O Estado brasileiro nunca apresentou pedido oficial de desculpas às comunidades originárias e aos sobreviventes indígenas, muito menos desenvolveu qualquer projeto transicional com foco na repressão exercida sobre tais populações, tal como ocorreu no Canadá, com uma Comissão da Verdade que investigou as escolas residenciais indígenas.

Em 2015, a Comissão da Verdade e Reconciliação do Canadá mostrou que cerca de 150 mil crianças indígenas naquele país foram retiradas de suas famílias e enviadas a escolas católicas. Há estimativa de que pelo menos 6 mil indivíduos tenham morrido enquanto estiveram internados à força nessas instituições.

No ano de 2021, tais denúncias de "genocídio cultural", túmulos dessas crianças mortas foram encontrados na região onde funcionava a Escola Residencial Kamloops, na província de Colúmbia Britânica. Essas instituições de ensino recebiam financiamento do governo do Canadá e a maioria era administrada pela Igreja Católica.

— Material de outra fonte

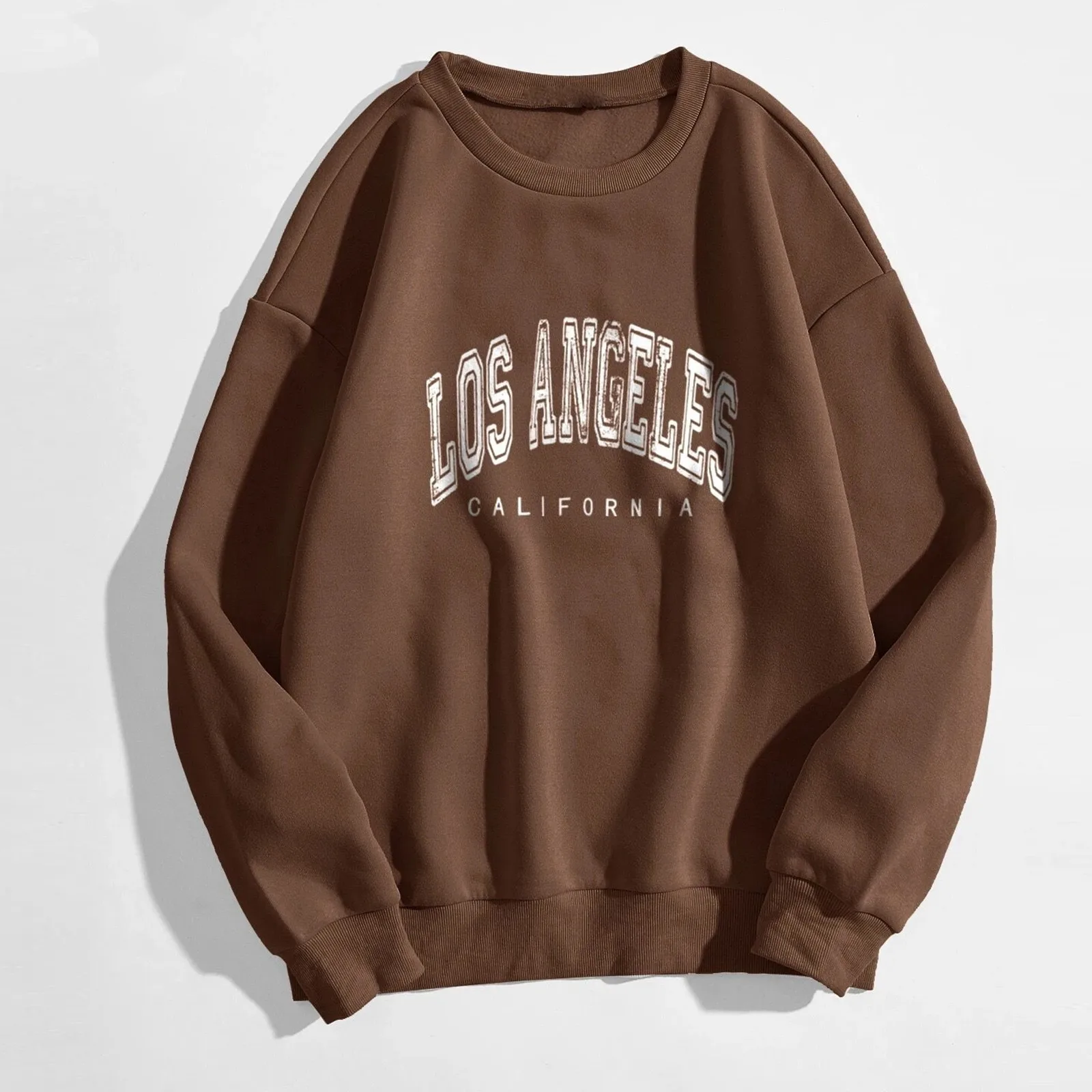 Women's Large Sizes Sweatshirts Vintage Los Angeles Letter O Neck Long Sleeve Sweatshirt High Street Harajuku Sports Pullover canteloube chants d auvergne angeles jaquillat 1 cd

À época, a comissão canadense recomendou que o Papa, líder da Igreja Católica, pedisse desculpas oficiais às comunidades indígenas do país. E depois do encontro dos túmulos, o Vaticano resolveu cumprir com a recomendação.

No dia 25 de julho deste ano, o papa Francisco pediu desculpas aos indígenas canadenses por abusos cometidos nas escolas católicas por mais de 100 anos. "Peço perdão, em particular, pela maneira como integrantes da Igreja e de comunidades religiosas colaboraram com o projeto de destruição cultural promovido pelos governos que resultou nas escolas residenciais", disse, em visita ao Canadá.

Duas semanas antes, o governo do Canadá havia anunciado acordos de indenização junto as crianças indígenas retiradas de suas famílias e colocadas nas escolas. Os dois acordos somam cerca de US$ 31,5 bilhões. De acordo com o que a ministra dos Serviços Indígenas, Patty Hajdu, disse à imprensa canadense, tais acordos reconhecem os danos e a dor causados pela discriminação aos sobreviventes e suas famílias. O Estado também reconheceu os danos sofridos coletivamente por essa população.

Ministério próprio

Aqui no Brasil a equipe de transição do governo eleito criou 31 grupos temáticos, sendo que um deles é o dos "Povos Originários", possível embrião de um Ministério dos Povos Originário Brasileiros. Lideranças indígenas cotadas para assumir a pasta dão como certa a concretização da proposta, entre elas a advogada Sonia Guajajara, primeira deputada federal indígena eleita por São Paulo e coordenadora da Articulação dos Povos Indígenas do Brasil (Apib). Outros nomes cotados, com protagonismo internacional, são Joênia Wapichana, Beto Marubo e Célia Xakribá.